The use-case of radixtree
was for parsing thousands-ish dictionaries of English-language terms where the dictionary wasn’t known at compile-time, being 100% user supplied, but would also only rarely change. So it was fine to have very bad (in fact, much worse than it needs to be) insert
– it just had to traverse quickly. It could definitely still somewhat easily be better, like by binary search on “large” nodes. Combined with a packrat parser it worked well for parsing English sentences quick enough for autosuggestions to feel snappy as you typed.
But yeah you could have both fast traversal/minimal memory, and fast insertion, with a mutable API, and different node types for different cases. https://db.in.tum.de/~leis/papers/ART.pdf this seems to be that.
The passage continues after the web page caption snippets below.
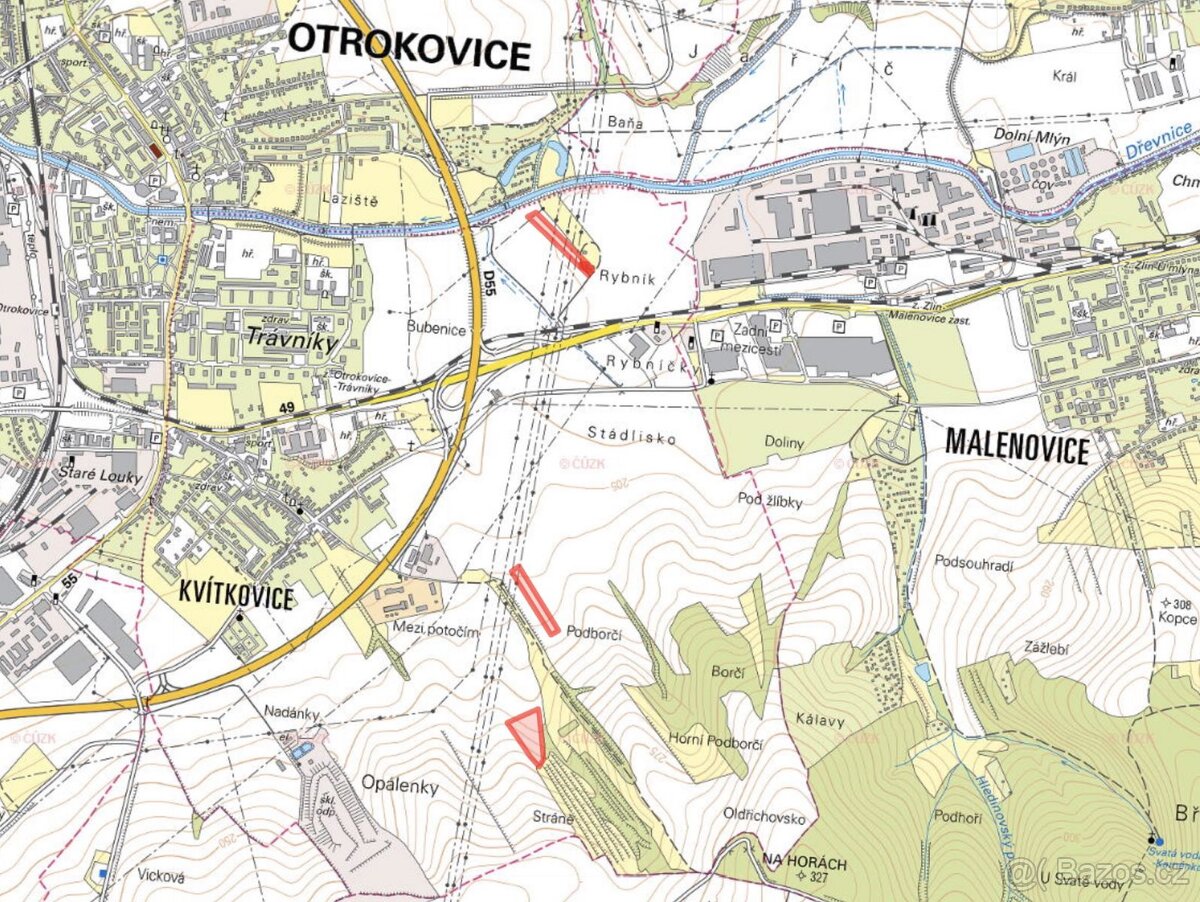 Zemědělská půda, prodej, Kvítkovice, Otrokovice, Zlín - 3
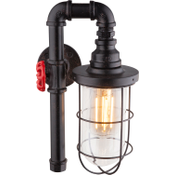 Globo Lighting industriele wandlamp 'Bayuda' glas e27 fitting modern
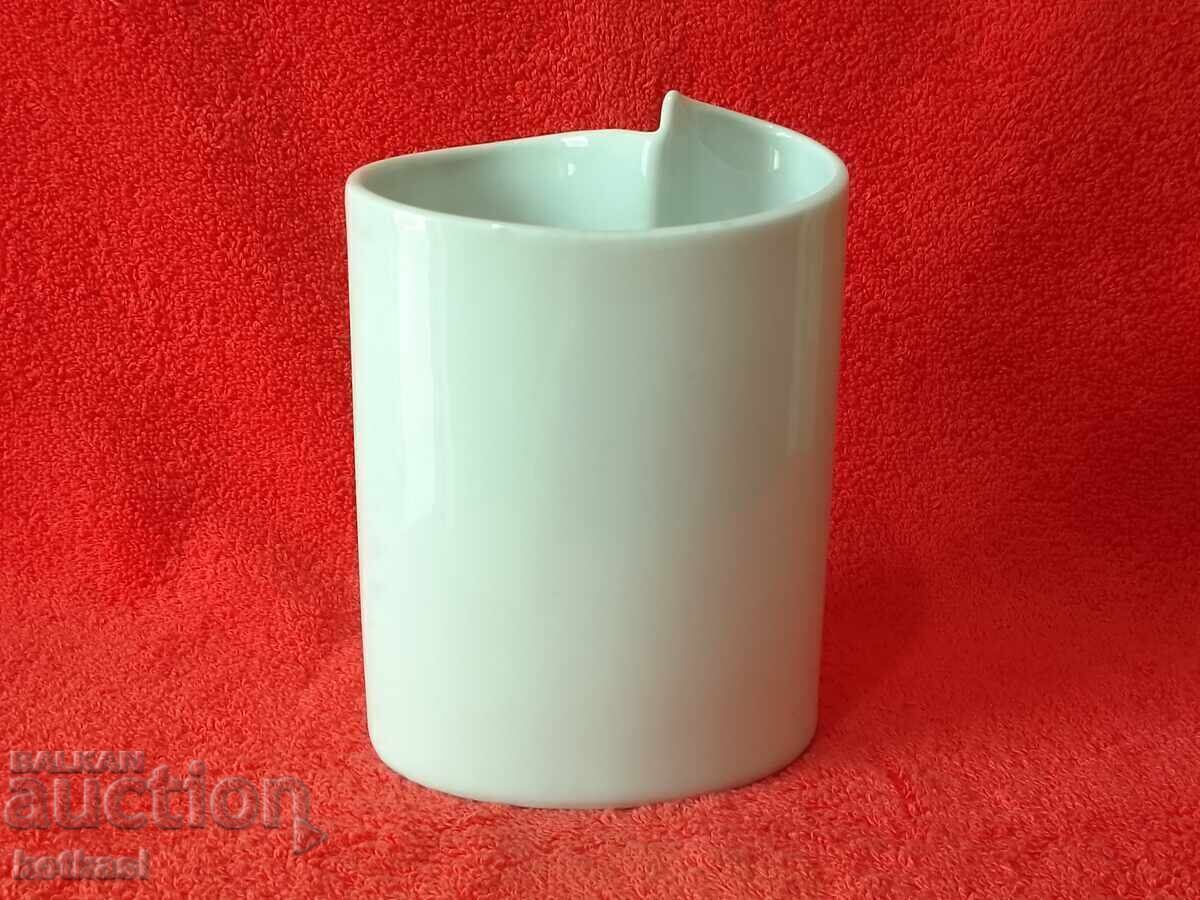 Old white porcelain vase Bareuther Germany Old white porcelain vase Bareuther Germany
I don’t see an intrinsic reason a Haskell impl couldn’t be fast and elegant. Might be a nice project to throw linear types at too
Anyway back to the fancy new rewrite. What are the use-cases you have in mind for taking advantage of laziness? The *.Lazy
modules would probably be a great backbone for memoisation a la memoize
or MemoTrie
for some algorithms.
For parsing an extreme example would be runtime-evaluated command-line options, where there may be 200 accessible options and users never touch more than a dozen at a time. The cost of accessing said dozen and pushing the rest around should be meager relative to constructing the entire tree. This same reasoning applies generally to parsing every format with dictionaries in it. It’s obviously less performant than directly precompiling a strict tree, but still it’s a nice default option that a language should have.
Regarding memoization… I don’t know, probably? I’ve never properly used it, so my understanding of it is blurry at best.